Vendée Globe: "Wir werden die Weltumsegelung in 60 Tagen erleben"Foto: Boris Herrmann Racing
Boris Herrmann bei der Zielankunft seiner Vendé-Globe-Premiere

Im Yacht-online-Exklusivinterview und bei der ersten deutschen Pressekonferenz sprach Boris Herrmann über das Finale, seine Gegner und ein mögliches Comeback

  Ein Mann, zwei Bengalos: Boris Herrmann strahltFoto: Boris Herrmann Racing / #VG2020
Ein Mann, zwei Bengalos: Boris Herrmann strahlt

Sein deutsches Mobiltelefon hat er erst einen Tag nach der Zielankunft wieder angeschaltet und ist noch lange nicht durch mit dem Lesen der vielen Glückwünsche, Botschaften und Anfragen. Während Boris Herrmann im Zielhafen der Vendée Globe den Trubel und die Emotionen der Ankunft, die Begegnungen mit anderen Teilnehmern und das Wiedersehen mit Familie und Freunden genießt, gibt es daheim in Deutschland am Tag nach seinem Zieldurchgang kaum eine Tageszeitung, die nicht ausführlich und oftmals auch auf dem Titel über seine Leistungen, sein großes Abenteuer und die Vendée Globe berichtet.

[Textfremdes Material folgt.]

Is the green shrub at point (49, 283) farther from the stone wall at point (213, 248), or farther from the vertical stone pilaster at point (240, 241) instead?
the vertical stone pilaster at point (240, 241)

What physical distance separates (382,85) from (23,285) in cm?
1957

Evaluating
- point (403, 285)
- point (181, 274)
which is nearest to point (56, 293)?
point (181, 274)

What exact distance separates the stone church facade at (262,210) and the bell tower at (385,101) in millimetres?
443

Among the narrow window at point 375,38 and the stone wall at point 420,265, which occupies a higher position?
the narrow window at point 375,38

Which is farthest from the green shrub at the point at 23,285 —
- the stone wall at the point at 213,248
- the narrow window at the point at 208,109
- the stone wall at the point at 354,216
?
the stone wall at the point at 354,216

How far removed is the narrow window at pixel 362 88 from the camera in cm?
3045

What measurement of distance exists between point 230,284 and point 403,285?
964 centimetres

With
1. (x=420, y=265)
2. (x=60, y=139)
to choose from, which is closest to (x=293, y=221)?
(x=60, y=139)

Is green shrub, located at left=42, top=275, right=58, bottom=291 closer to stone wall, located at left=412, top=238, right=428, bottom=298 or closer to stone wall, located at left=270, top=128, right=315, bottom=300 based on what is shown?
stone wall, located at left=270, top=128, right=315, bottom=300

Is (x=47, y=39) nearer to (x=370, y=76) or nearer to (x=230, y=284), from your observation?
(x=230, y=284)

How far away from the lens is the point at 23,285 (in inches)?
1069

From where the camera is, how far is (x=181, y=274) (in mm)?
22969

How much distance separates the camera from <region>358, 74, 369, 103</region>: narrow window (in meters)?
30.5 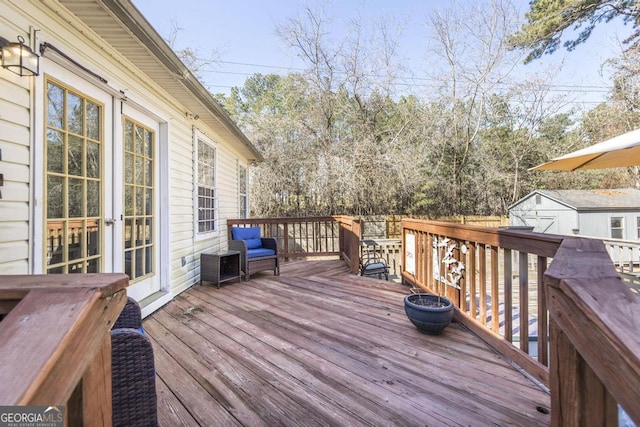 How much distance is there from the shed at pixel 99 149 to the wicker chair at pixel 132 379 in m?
1.26

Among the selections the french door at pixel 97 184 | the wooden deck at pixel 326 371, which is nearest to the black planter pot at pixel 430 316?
the wooden deck at pixel 326 371

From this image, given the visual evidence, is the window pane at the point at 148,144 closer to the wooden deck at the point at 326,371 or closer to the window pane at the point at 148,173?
the window pane at the point at 148,173

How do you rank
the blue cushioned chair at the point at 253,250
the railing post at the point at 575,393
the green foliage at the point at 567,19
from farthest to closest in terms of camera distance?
the green foliage at the point at 567,19 → the blue cushioned chair at the point at 253,250 → the railing post at the point at 575,393

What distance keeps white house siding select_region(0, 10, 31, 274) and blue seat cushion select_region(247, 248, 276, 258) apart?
113 inches

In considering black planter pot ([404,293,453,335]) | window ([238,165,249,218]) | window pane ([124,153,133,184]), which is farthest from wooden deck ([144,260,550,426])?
window ([238,165,249,218])

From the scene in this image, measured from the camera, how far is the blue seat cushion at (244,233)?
4.87 metres

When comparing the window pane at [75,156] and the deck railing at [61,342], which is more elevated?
the window pane at [75,156]

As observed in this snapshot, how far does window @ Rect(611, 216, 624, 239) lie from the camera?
9.27 meters

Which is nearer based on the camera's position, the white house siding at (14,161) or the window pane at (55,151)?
the white house siding at (14,161)

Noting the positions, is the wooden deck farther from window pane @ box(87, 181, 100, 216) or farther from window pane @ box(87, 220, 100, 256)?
window pane @ box(87, 181, 100, 216)

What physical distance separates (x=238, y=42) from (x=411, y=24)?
19.0 ft

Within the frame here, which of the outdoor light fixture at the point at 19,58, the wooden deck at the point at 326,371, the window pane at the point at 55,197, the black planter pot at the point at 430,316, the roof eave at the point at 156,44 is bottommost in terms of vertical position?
the wooden deck at the point at 326,371

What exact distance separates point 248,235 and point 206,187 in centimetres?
108

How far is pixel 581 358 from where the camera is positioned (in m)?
0.72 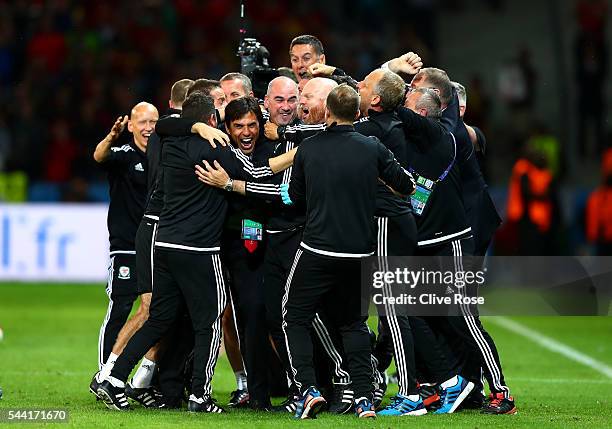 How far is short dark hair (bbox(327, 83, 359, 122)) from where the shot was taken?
8.55 m

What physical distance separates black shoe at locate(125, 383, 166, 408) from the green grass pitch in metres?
0.12

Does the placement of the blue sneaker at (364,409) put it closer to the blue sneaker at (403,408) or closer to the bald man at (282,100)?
the blue sneaker at (403,408)

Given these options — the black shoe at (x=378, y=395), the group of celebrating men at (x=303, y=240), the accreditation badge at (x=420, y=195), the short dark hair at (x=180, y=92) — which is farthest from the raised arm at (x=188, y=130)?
the black shoe at (x=378, y=395)

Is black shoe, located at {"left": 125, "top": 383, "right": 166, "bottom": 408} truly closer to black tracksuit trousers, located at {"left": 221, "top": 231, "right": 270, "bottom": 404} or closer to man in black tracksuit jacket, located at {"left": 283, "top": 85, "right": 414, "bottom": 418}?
black tracksuit trousers, located at {"left": 221, "top": 231, "right": 270, "bottom": 404}

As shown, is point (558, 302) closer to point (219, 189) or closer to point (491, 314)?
point (491, 314)

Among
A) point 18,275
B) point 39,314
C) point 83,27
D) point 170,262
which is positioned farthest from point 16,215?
point 170,262

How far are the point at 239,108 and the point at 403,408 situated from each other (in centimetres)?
230

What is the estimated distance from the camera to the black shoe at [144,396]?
363 inches

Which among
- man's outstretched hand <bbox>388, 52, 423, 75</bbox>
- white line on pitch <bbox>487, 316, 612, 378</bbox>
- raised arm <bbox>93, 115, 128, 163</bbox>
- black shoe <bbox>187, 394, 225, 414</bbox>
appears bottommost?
white line on pitch <bbox>487, 316, 612, 378</bbox>

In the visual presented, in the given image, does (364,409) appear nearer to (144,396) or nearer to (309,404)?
(309,404)

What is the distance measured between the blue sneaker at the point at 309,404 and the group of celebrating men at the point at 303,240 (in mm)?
11

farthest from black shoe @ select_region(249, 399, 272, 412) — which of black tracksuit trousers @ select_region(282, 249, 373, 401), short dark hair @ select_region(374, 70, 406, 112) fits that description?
short dark hair @ select_region(374, 70, 406, 112)

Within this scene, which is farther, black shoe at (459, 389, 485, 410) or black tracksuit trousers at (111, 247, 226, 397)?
black shoe at (459, 389, 485, 410)

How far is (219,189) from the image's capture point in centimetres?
888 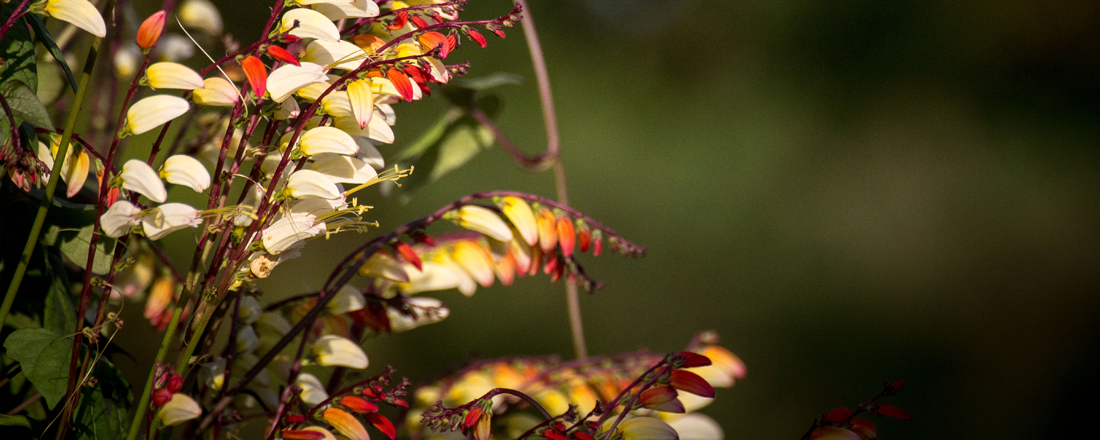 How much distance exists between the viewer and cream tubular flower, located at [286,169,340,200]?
0.16m

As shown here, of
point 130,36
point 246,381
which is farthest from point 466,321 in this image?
point 246,381

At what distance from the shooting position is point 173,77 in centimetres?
15

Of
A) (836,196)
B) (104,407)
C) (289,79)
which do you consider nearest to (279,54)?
(289,79)

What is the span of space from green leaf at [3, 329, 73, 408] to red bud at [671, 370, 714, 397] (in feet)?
0.51

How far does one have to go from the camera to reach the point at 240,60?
0.51ft

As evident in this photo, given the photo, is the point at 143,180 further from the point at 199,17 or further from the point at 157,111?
the point at 199,17

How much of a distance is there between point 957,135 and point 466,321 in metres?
1.35

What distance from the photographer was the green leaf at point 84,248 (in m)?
0.18

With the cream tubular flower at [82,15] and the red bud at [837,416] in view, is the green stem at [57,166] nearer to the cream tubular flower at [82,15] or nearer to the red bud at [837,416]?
the cream tubular flower at [82,15]

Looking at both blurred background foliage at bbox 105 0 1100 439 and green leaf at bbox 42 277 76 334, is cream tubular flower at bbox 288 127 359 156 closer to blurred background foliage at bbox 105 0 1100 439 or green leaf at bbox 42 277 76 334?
green leaf at bbox 42 277 76 334

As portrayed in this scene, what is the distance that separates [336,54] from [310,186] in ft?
0.12

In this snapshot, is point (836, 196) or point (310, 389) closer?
point (310, 389)

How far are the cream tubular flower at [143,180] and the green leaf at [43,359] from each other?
0.16 ft

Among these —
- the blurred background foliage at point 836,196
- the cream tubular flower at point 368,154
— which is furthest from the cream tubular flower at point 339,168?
the blurred background foliage at point 836,196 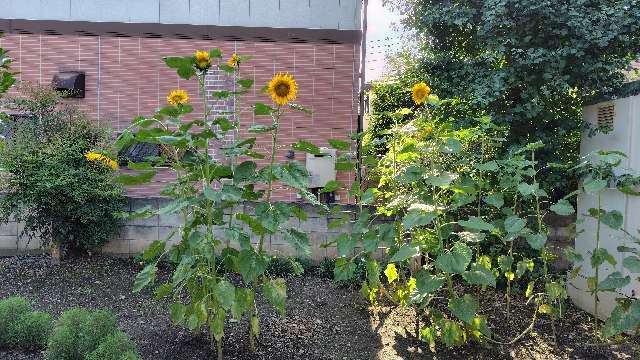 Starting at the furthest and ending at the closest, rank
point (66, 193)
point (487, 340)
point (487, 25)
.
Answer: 1. point (487, 25)
2. point (66, 193)
3. point (487, 340)

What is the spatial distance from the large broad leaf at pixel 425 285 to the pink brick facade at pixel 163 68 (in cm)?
396

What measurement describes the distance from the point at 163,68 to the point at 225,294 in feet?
16.2

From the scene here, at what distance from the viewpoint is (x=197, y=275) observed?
7.82 feet

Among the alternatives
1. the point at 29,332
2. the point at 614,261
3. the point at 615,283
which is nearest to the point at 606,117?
the point at 614,261

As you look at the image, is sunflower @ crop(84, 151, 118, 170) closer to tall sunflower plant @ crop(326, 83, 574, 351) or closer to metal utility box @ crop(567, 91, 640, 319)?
tall sunflower plant @ crop(326, 83, 574, 351)

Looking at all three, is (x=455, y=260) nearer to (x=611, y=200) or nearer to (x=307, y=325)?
(x=307, y=325)

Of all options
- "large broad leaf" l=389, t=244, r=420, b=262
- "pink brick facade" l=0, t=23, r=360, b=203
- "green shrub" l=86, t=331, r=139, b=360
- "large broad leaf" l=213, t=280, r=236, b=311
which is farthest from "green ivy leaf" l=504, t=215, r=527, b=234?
"pink brick facade" l=0, t=23, r=360, b=203

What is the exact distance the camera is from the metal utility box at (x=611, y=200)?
10.6 ft

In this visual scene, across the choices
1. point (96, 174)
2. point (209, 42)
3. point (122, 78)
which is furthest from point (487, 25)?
point (122, 78)

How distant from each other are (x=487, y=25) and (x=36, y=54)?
5.30m

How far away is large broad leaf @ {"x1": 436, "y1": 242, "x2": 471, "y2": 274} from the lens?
239cm

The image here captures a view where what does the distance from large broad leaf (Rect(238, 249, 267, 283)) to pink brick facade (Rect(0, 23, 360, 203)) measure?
4.24 meters

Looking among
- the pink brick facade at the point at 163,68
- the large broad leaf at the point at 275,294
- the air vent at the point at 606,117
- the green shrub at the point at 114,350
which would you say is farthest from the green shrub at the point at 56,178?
the air vent at the point at 606,117

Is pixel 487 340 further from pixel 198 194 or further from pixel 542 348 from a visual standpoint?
pixel 198 194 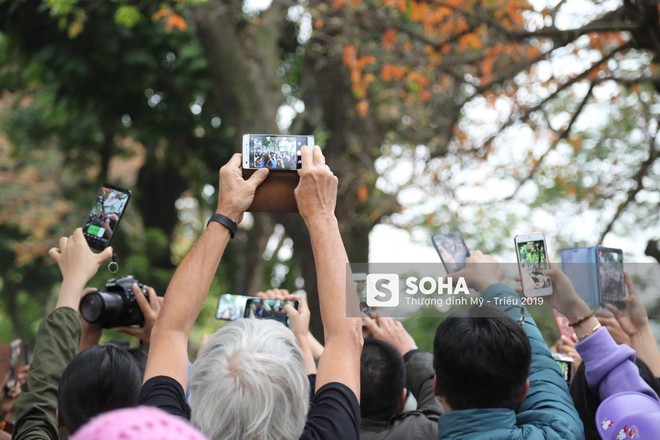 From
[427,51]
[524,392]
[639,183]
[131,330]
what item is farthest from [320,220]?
[427,51]

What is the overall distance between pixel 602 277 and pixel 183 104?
8150 mm

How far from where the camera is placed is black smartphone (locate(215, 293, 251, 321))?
3.45 m

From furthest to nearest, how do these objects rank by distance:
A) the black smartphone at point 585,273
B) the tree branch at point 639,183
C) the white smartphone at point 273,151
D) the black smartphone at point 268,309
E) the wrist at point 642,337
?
the tree branch at point 639,183, the black smartphone at point 268,309, the wrist at point 642,337, the black smartphone at point 585,273, the white smartphone at point 273,151

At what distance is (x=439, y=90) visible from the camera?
28.3 ft

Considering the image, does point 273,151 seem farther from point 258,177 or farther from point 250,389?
point 250,389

  Der erste Vendée-Globe-Skipper aus Deutschland hat seine Premiere bestandenFoto: Boris Herrmann Racing / #VG2020
Der erste Vendée-Globe-Skipper aus Deutschland hat seine Premiere bestanden

Auch das ZDF hat sein Programm für den kommenden Sonntag geändert und zeigt in der "ZDF-Sportreportage – extra" ab 17.10 Uhr eine 45-minütige Dokumentation über Boris Herrmann und die Vendée Globe. In Hamburg hat Niels Annen, Staatsminister im Auswärtigen Amt, bei der Staatskanzlei angeregt, Boris Herrmann für den Verdienstorden der Bundesrepublik Deutschland vorzuschlagen. Dem Hamburger Abendblatt sagte Annen: "Boris Herrmann ist nicht nur ein Ausnahmeathlet. Seine Verantwortung und Vorbildfunktion insbesondere der jüngeren Generation gegenüber nimmt er auch jenseits des Sports sehr ernst."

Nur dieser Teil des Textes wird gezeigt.